==== Collected data ====
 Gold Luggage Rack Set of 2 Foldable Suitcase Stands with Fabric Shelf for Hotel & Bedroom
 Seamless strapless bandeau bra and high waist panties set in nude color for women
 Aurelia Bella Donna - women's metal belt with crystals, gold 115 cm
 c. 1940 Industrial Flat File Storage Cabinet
====
What is required :: Only the count belongs in your answer, so please work out how many lines of the data contain "women".

Solution to the problem :: 2